春晚的艳彩在梦里发酵。忘了翻身的享受其美。
梦是具有大是大非观念的,它知道我喜欢,便不停止他它的脚步,反复上演我的最爱。
阳光与梦争宠,在没有对严的帘子缝挤进来,拼命地歌唱它的朗丽。
我最终依从了阳光,起床,撩开帘子。
外面。一片明媚的阳光普照,从未有过的朗丽,从未有过的清新。
那左一条右一条横一条竖一条的大路小路,已经不见了积雪。黑黝黝的沥青像刚洗过一样。
不知道他们怎么知道外面的美好的,人,仨一伙俩一串,在路上漫步,说着什么。逍遥惬意。
想起小时候,妈告诉的民风民俗:初一是鸡的日子,天气要是好,那就说明今年收小鸡,小鸡会很安全,不会得病。
母亲说这话的时候,脸上一片喜悦。
“我的女儿们今年好了,不病不伤,还有钱赚。”
那时,家里生活并不富裕,但在妈妈的努力勤奋下,吃烧不愁。
我家孩子多,三个属鸡的。妈看天气好就笑,似乎浑身的每一个细胞里都装满了喜悦。因为在她看来,这好天气就代表她的孩子不会得病,不会不顺,一切都好。
在妈的这种企盼中,我长大了,成家立业了,生活富足,要什么有什么。
我环顾整个屋子,离开窗子,穿衣,做饭。
大年初一,按照家乡的风俗习惯,早上是必须吃饺子的,下午必须八个菜。
打开冰箱,满满当当,什么都有。昨天晚上的年夜饺子还没有吃完,热热吧,实在是吃不下什么,做的再多也还是剩。

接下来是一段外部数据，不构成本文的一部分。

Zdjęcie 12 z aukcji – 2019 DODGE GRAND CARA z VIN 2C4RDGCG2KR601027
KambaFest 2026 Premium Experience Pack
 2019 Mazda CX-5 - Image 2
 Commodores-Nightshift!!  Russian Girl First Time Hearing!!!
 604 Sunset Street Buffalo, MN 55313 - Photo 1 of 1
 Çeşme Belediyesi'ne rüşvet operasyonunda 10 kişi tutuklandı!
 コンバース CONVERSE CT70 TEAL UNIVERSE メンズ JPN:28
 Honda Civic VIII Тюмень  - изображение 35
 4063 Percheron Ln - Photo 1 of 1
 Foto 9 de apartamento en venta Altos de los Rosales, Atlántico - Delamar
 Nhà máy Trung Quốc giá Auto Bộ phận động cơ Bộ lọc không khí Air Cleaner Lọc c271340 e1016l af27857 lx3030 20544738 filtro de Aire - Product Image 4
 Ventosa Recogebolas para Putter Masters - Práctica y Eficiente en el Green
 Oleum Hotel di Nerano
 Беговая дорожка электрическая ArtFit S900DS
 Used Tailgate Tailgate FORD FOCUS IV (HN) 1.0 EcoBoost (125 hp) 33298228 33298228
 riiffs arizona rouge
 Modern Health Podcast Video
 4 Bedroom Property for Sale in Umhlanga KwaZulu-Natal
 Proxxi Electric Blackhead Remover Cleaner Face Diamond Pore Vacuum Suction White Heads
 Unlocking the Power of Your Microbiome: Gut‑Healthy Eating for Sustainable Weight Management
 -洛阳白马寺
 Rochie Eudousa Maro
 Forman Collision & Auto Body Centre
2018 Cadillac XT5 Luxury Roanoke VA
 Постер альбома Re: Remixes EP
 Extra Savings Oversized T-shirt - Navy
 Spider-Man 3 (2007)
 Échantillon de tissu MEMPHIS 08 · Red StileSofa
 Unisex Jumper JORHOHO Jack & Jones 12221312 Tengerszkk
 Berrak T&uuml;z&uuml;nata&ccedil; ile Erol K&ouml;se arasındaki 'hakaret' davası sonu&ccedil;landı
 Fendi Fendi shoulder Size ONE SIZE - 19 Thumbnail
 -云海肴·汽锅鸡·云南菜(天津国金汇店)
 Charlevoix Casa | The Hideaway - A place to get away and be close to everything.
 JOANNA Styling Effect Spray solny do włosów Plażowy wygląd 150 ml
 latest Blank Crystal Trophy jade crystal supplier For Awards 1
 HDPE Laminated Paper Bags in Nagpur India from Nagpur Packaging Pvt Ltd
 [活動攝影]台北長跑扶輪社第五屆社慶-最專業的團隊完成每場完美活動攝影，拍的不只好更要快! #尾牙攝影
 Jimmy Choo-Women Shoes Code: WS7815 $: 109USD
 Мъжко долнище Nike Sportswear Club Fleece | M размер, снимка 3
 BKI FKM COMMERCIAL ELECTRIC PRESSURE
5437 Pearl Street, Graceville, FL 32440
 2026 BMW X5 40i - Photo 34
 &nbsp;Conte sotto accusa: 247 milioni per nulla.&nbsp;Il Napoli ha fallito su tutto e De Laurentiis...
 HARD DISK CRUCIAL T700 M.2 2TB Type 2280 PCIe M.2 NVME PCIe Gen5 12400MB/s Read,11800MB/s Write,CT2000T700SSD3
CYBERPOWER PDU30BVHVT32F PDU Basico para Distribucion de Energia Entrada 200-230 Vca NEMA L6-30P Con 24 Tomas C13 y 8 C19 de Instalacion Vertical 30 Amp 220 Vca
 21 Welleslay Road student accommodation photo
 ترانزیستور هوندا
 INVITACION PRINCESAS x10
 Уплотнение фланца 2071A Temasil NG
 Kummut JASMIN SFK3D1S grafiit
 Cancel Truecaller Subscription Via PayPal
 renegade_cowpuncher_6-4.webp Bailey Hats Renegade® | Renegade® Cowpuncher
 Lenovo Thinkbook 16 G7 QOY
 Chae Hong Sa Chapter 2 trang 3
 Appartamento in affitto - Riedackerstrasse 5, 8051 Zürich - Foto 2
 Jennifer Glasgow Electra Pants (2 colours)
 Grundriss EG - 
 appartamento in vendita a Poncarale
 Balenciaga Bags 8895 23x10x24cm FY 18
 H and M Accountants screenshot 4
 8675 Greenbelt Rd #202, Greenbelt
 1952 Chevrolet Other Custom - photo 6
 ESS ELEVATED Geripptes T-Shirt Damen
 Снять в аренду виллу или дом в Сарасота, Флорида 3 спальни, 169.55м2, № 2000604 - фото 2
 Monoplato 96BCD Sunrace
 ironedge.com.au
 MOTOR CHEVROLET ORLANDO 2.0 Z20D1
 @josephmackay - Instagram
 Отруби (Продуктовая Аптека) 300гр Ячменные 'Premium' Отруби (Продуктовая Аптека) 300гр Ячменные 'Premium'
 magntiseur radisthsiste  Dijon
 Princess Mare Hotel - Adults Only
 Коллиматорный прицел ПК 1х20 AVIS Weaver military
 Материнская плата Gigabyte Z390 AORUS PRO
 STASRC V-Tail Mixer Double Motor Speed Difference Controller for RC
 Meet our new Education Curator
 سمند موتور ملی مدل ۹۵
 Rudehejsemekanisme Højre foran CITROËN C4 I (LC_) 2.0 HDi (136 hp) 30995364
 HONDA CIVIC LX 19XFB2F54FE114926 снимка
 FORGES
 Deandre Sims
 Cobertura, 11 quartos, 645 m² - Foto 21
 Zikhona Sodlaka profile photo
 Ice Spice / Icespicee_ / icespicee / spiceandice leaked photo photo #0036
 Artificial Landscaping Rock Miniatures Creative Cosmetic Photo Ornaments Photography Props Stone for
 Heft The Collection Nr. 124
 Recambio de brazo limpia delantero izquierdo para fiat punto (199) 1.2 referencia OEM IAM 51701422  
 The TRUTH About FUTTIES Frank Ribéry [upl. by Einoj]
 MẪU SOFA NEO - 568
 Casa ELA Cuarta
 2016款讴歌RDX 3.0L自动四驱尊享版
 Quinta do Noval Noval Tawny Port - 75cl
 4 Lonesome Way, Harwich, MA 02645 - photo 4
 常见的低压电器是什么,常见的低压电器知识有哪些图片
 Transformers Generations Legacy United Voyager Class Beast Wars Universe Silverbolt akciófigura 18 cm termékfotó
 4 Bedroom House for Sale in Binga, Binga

锅在工作。我打开电视机。一个一个调台,找找自己心仪的节目,每个节目都是那么喜庆,各省都在播放他们自己的联欢会,每个节目都让人目不暇接。播走哪个都是损失。
只好这个台看几下那个台看几下。
窗外,鞭炮又开始响个不停了。一波未落,一波又起。谁家呀?真有钱,白天放上了礼花,把整个小区的院子映照的赤橙黄绿青蓝紫。
赶快走到窗前去看。真热闹。有的在广场上放,有的从阳台中伸出一个大木杆子燃放。
家乡的规矩。因为这是一年的第一天,庆祝,把大灾小灾都蹦走,这一年就会风调雨顺的。
这是过去家乡人的想法。现在燃放鞭炮,除了为了高兴,就是为了高兴。因为人们的生活都小康了,科学迅速发展,哪还用担心有什么灾荒呢。
忽然想起,前几年是不让放鞭炮的呀。今年没有听说可以放,可他们能买到,就说明有卖的呗。或许是新的规定吧。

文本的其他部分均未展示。